To that end, we designed primers for the amplification of GFPmut3b from STK053 in the STK toolkit, to be joined with the CotG linear fragment amplified as part of our Chitinase Display strategy in a Golden Gate reaction.
However, as we tried multiple assembly runs, CotG-GFPmut3b (L0) fusions could not be obtained. Notably, different troubleshooting techniques we adopted across our experience with STK cloning were tested. This includes modifying number of cycles, molar ratios, length of digestion and ligation steps in our Golden Gate protocol, and many others.
Hence, we revisited our design to circumvent this issue. Instead of fusing GFP to an anchor protein, we decided to harness constitutive GFPmut3b (a GFP coding sequence optimized for expression in B.subtilis) expression in vegetative cells as a proxy for successful plasmid degradation. Indeed, if plasmids exhibited self-digesting activity, spores generated from successful transformants would not contain any DNA code to express GFPmut3b.

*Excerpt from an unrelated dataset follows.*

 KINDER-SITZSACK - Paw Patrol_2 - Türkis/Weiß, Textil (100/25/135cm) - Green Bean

Meaning, once germination is induced and the spores turn to cells, they should no longer present fluorescence. Consequently, our new revisited pipeline would still involve assembly of a self digesting circuit, and evaluation of its efficacy using a reporter gene. In the interest of time, we opted to utilize a GFPmut3b transcriptional unit present in the toolkit, featuring constitutive promoter STK034, RBS sequence RBS_3, GFPmut3b CDS and terminator t13s3p43. However, this L1 plasmid consisted of a 1B backbone, meaning we could not integrate it into our L2 EXP plasmid. Thus, we opted to continue our design in a L2A plasmid, rather than L2 EXP, completing it with a 1D spacer, whilst also assembling a L2B plasmid with the L1B GFPmut3B TU and spacers in place of L1A, L1C and L1D. These two L2 plasmids could then be assembled into an expression vector (STK109), using the BsaI restriction enzyme.

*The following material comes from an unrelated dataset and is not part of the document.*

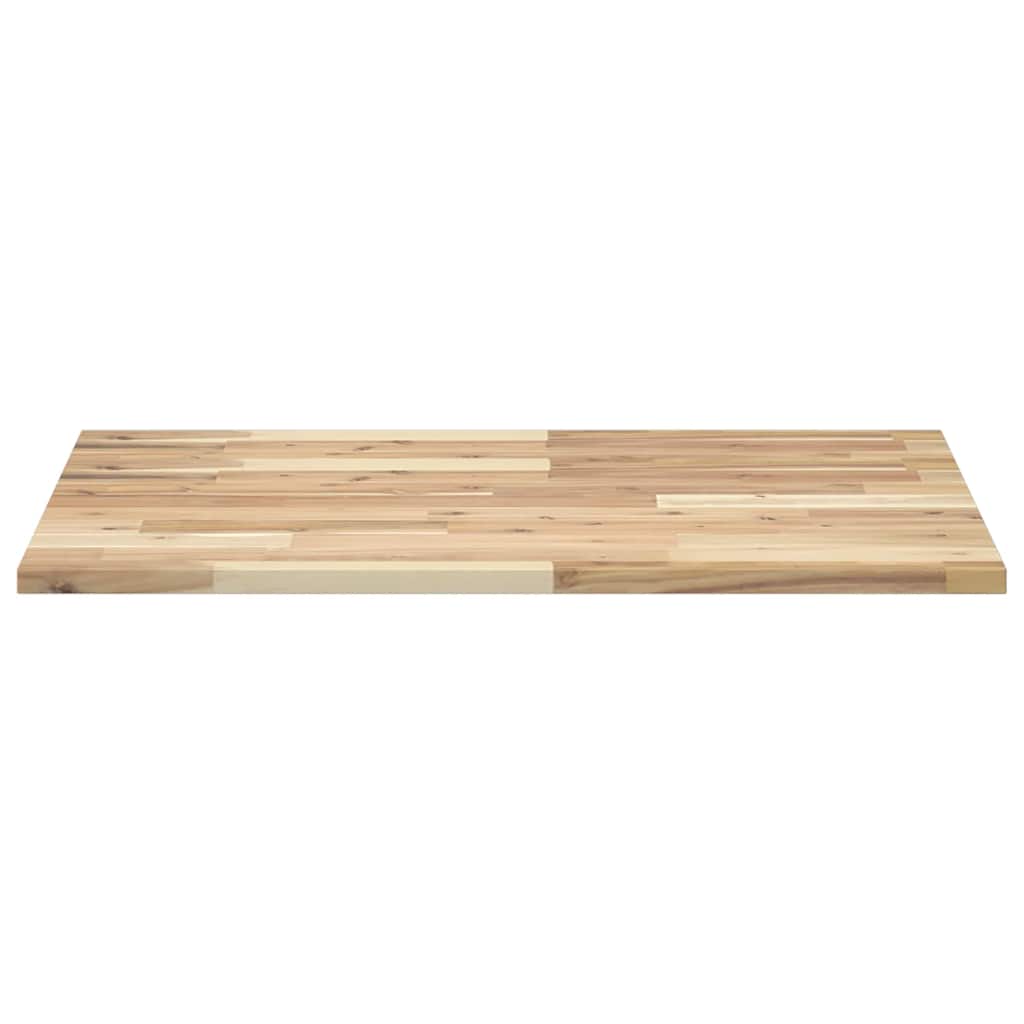 Bordplate rektangulær 100x60x2 cm heltre akasie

Within the course of the project, the L2A plasmid was successfully assembled as noted in figure xy which displays a cPCR result and restriction digest of positive colonies from the same. However, the L2B plasmid containing the GFPmut3B TU was not achieved, even after subsequent troubleshooting attempts. Due to time constraints, further progress was not made in assembling a self-digesting plasmid ready for expression in B. subtilis.